WHAT THE EXERCISE ASKS. When you copy the listing, skip the images and return each line verbatim.

RAW DATA.
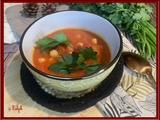 Soupe de tomates, pois chiche et curry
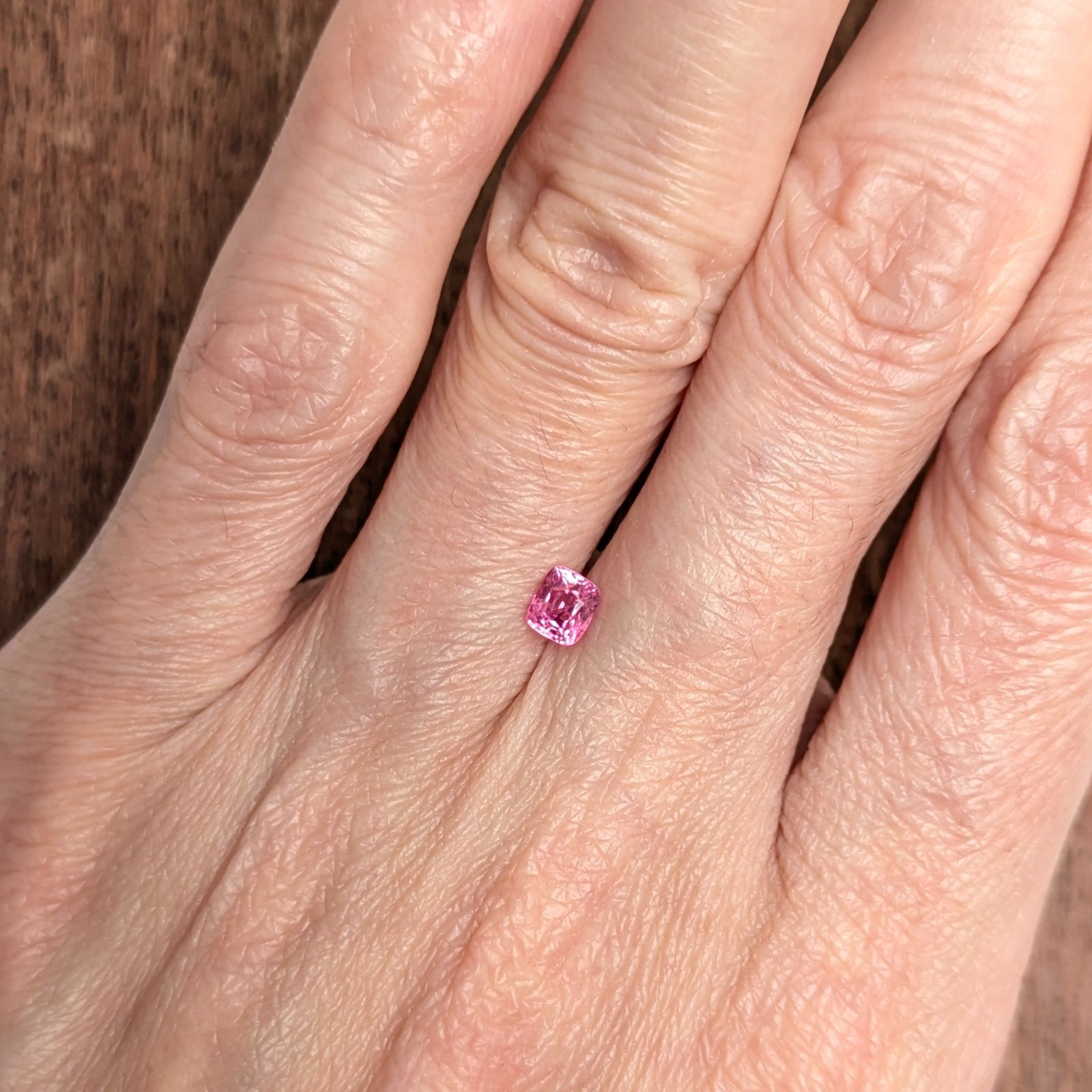 ピンクスピネル ミャンマー・モゴック産【0.39ct】PRO208147 - メルカリ
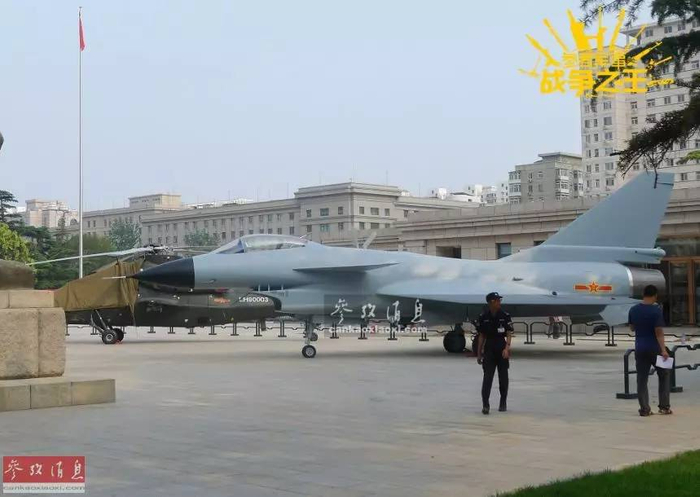 ▲北京军事博物馆历经五年维修扩建后将于8月重新对外开放。图为小编前往探班时拍摄到的歼-10A战斗机和武直10攻击直升机。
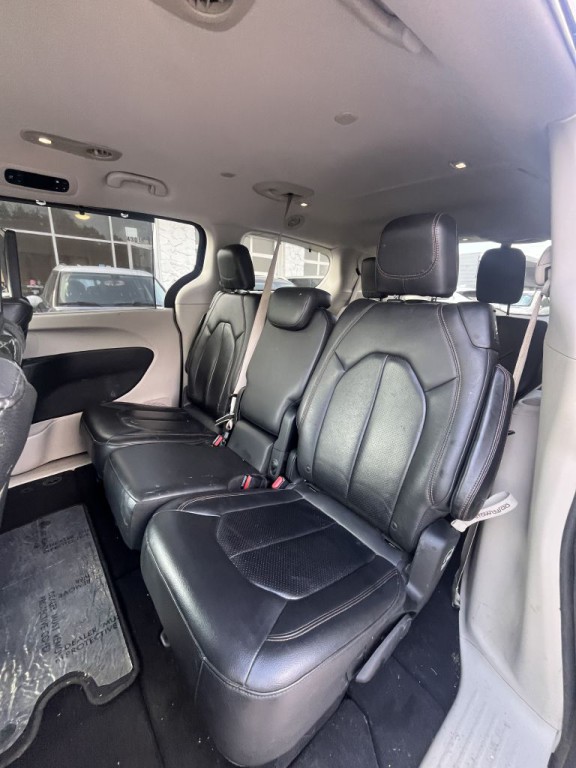 2017 Chrysler Pacifica Image 15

OUTPUT BELOW.
 Soupe de tomates, pois chiche et curry
 ピンクスピネル ミャンマー・モゴック産【0.39ct】PRO208147 - メルカリ
 ▲北京军事博物馆历经五年维修扩建后将于8月重新对外开放。图为小编前往探班时拍摄到的歼-10A战斗机和武直10攻击直升机。
 2017 Chrysler Pacifica Image 15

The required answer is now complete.